Confirmation
(histoire vraie)
Toussaint 1867.
Depuis deux cents ans, à la suite de l’intrépide Magellan découvrant le passage merveilleux à la pointe sud de l’Amérique, corvettes et frégates d’Europe ont sillonné les Mers du Sud (ainsi nommait-on, en ce temps-là, l’Océan Pacifique), abordé des îles inconnues, amené bientôt les missionnaires…
A 500 lieues au nord-est de Tahiti, l’étroite île d’Anaa allonge sur 80 kilomètres ses anneaux de corail en ellipse autour d’un vaste lagon central. Tout à l’en tour, la mer phosphorescente, à l’infini…
Sur la petite plage de sable étincelant, un homme debout scrute ces horizons illimitées…
— Ici, dit-il à quelques hommes au visage couleur de pain grillé, tous les Maoris sont devenus chrétiens. Votre foi et votre ferveur sont la joie de ma vie.
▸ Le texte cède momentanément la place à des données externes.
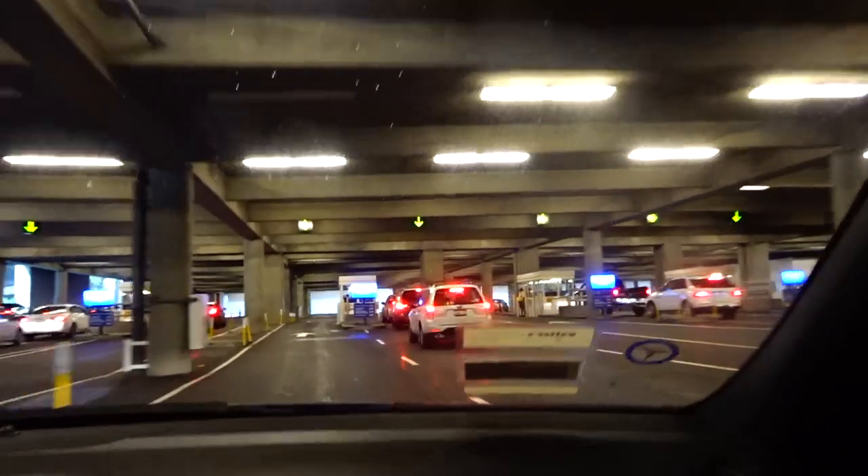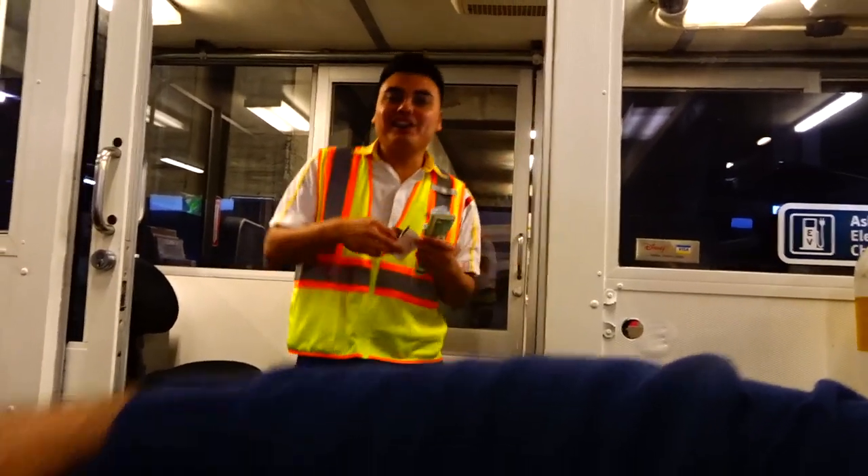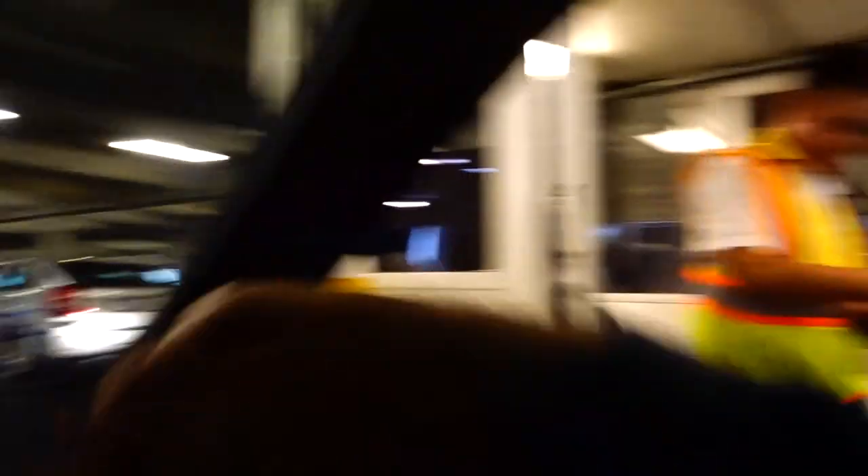We pull right up. Even though we came down this way, we didn't have any waiting — that was very quick today. Good morning, how are you? Have a wonderful time. Thank you.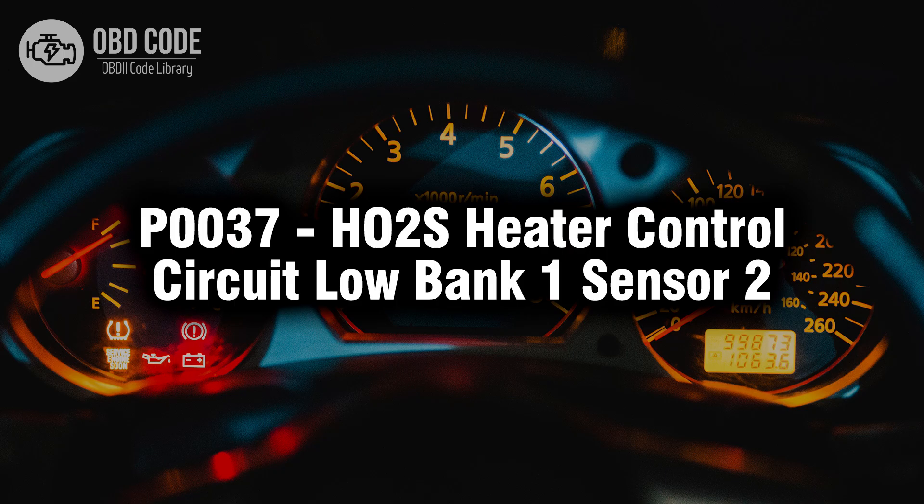Welcome. In this video we will talk about code P0037, its symptoms, causes and possible solutions.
Mais là-bas… plus loin ?…
Car « plus loin », sur des centaines de kilomètres d’océan, l’archipel des Tuamotous disperse ses îles basses « comme une immense couvée d’œufs qu’un méchant coq aurait bousculée… » Et parmi celles-ci beaucoup, encore absolument sauvages à cette époque-là, ignorent le vrai Dieu et sont entourées d’une solide réputation île férocité et de cannibalisme. Les premiers Blancs qui y ont abordé étaient des pirates négriers : par force ou par ruse ils se sont emparés des populations et les ont emmenées travailler sur les durs chantiers de Tahiti ou de Papeete… Devenus méfiants, les survivants ont accueilli à coup de sagaies les autres Blancs venus pour acheter la nacre ou le coprah, et ils en ont offert plus d’un en sacrifice expiatoire à leurs dieux offensés ; puis ils les ont dévorés en d’immenses festins rituels…
Un grand Maori lève son regard d’escarboucle sur le missionnaire pensif :
— Il y a dix-huit ans, nous étions comme eux, Apereto. Mais tu es venu. Tu nous a annoncé le Dieu qui aime tous les hommes et veut que tous les hommes s’entr’aiment. Tu nous as appris à construire des maisons, à creuser des puits, à guérir la fièvre. Nous vivons heureux et nous nous irons au ciel. Mais nous n’avons pas le droit de garder ce bonheur pour nous. Veux-tu que nous le portions avec toi à nos frères des îles Basses ?
Apereto — ainsi nomment-ils affectueusement dans leur langue cadencée le Père Albert Montiton, missionnaire chez eux depuis longtemps — sourit à ces chrétiens généreux et rendit grâce au Seigneur : « ceux-là sont pleins de l’Esprit de Dieu »…
— Réfléchissez. Je pars demain. Un voilier de commerce consent à m’emmener. Il touchera de nombreuses îles : j’y descendrai, j’y annoncerai Jésus. J’y laisserai un catéchiste pour continuer l’œuvre amorcée…
Ils sont dix à s’offrir, et les femmes ne sont pas les dernières. Le Père les met en garde contre un enthousiasme intempestif :
— Songez que nous risquons d’être accueillis à coups de lances…
— Nous ne craignons pas les lances.
— Les catéchistes que je laisserai dans chaque île seront mal vus, peut-être maltraites, persécutés… Ils souffriront de la faim, de la soif, de la haine…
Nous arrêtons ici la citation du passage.